— TASK INSTRUCTIONS —
Repeat each entry exactly, but do not carry over the pictures.

— GIVEN DATA —
——————————

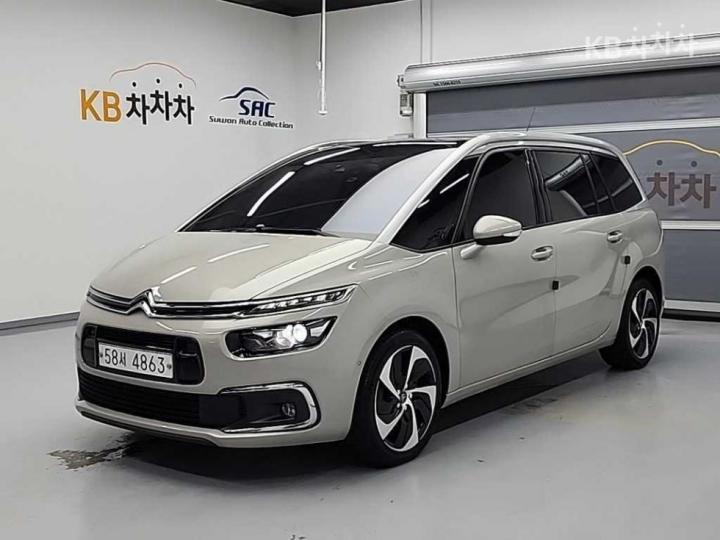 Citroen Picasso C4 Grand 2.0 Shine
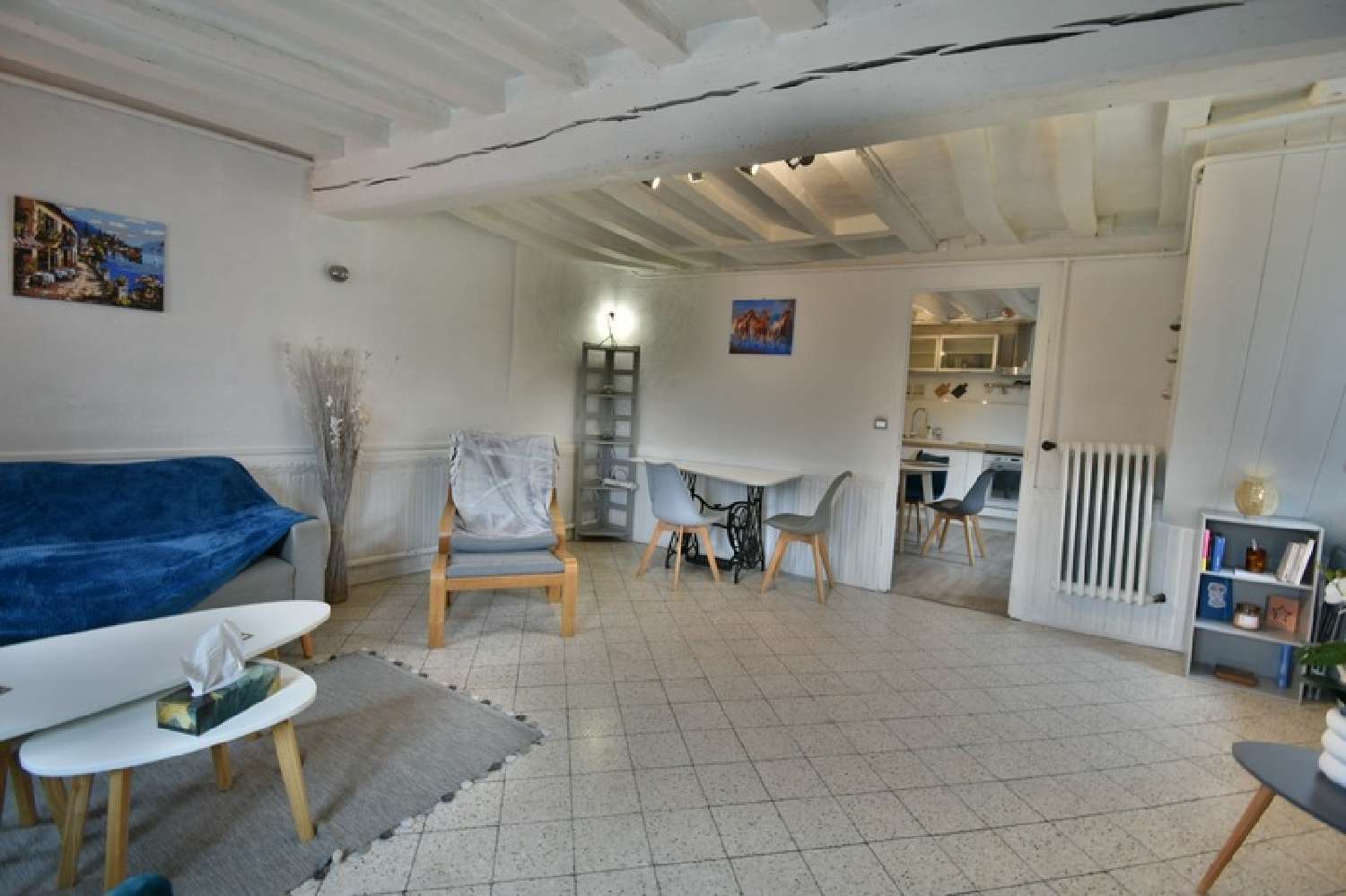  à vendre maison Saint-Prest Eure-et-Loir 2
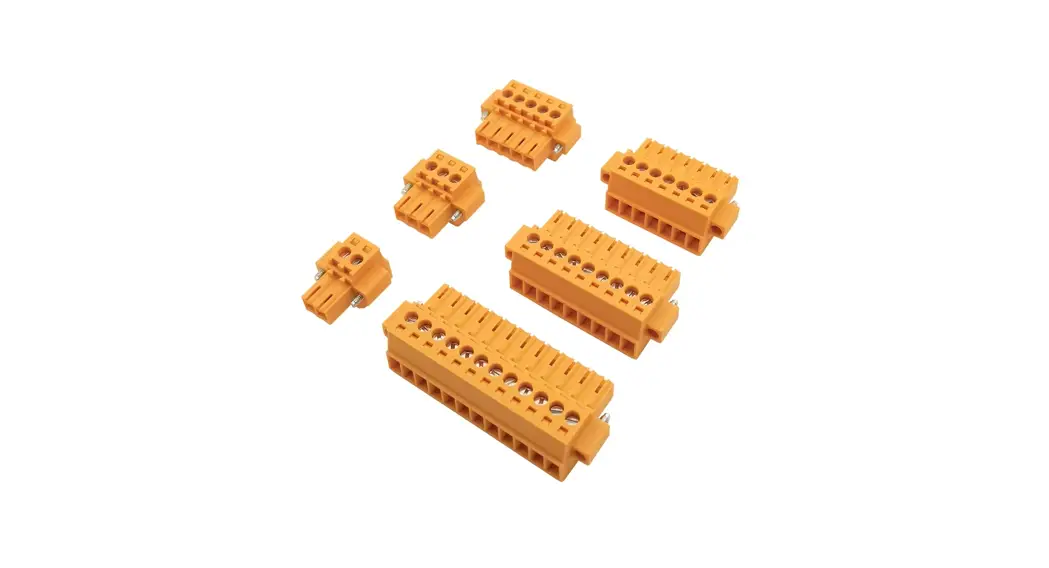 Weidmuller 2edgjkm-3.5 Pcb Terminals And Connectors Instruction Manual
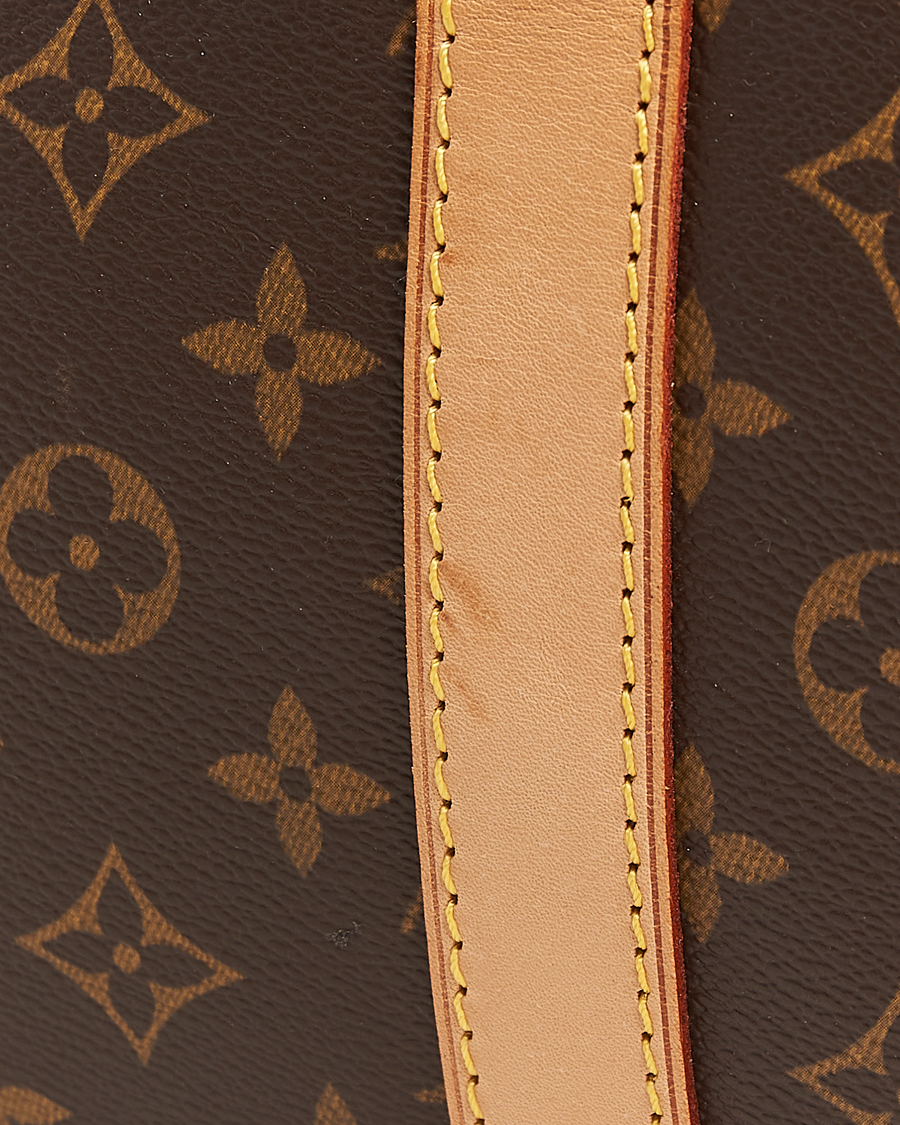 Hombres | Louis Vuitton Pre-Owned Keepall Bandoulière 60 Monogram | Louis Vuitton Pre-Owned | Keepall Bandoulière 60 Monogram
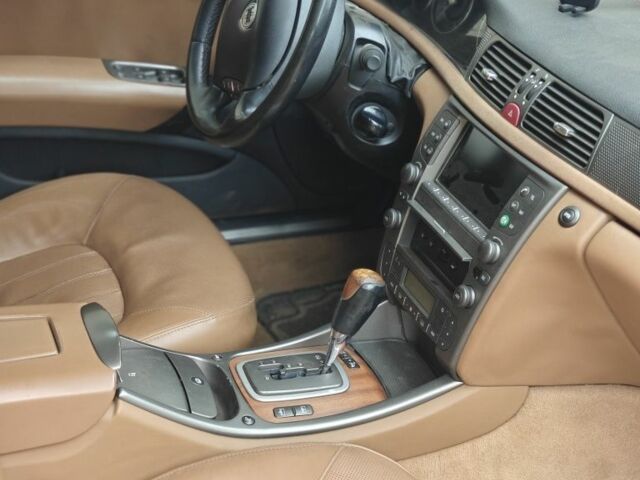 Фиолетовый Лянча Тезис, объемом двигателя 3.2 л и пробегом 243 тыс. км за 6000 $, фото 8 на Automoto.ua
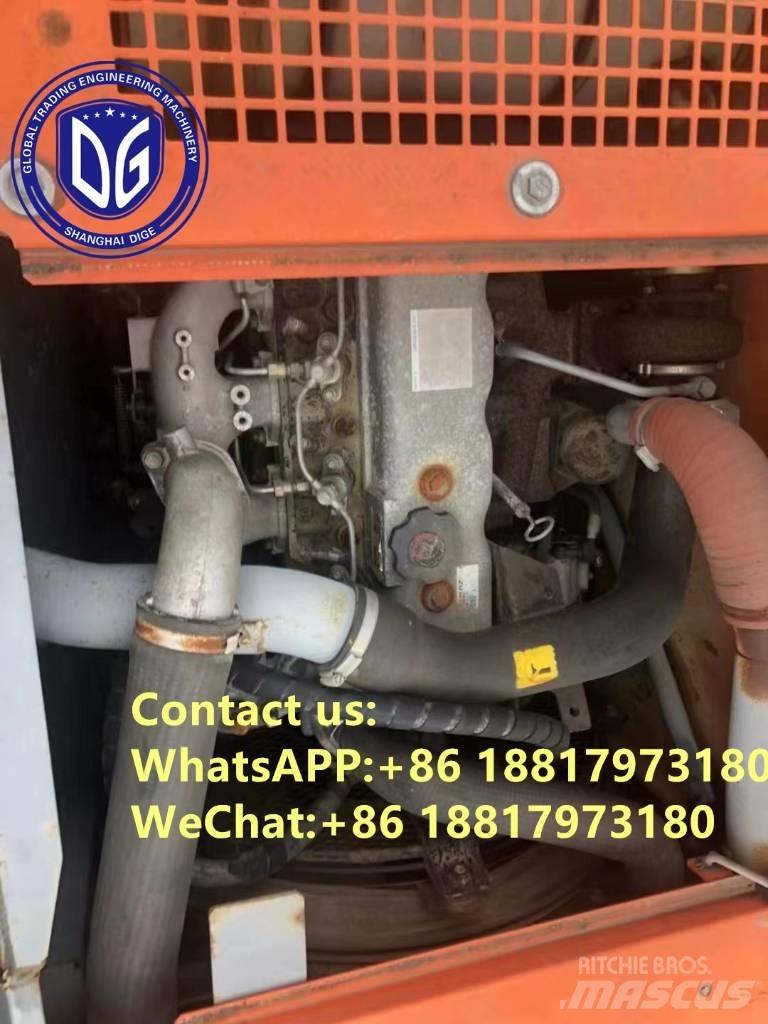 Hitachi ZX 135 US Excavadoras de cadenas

——————————

— SOLUTION TO THIS PROBLEM —
 Citroen Picasso C4 Grand 2.0 Shine
  à vendre maison Saint-Prest Eure-et-Loir 2
 Weidmuller 2edgjkm-3.5 Pcb Terminals And Connectors Instruction Manual
 Hombres | Louis Vuitton Pre-Owned Keepall Bandoulière 60 Monogram | Louis Vuitton Pre-Owned | Keepall Bandoulière 60 Monogram
 Фиолетовый Лянча Тезис, объемом двигателя 3.2 л и пробегом 243 тыс. км за 6000 $, фото 8 на Automoto.ua
 Hitachi ZX 135 US Excavadoras de cadenas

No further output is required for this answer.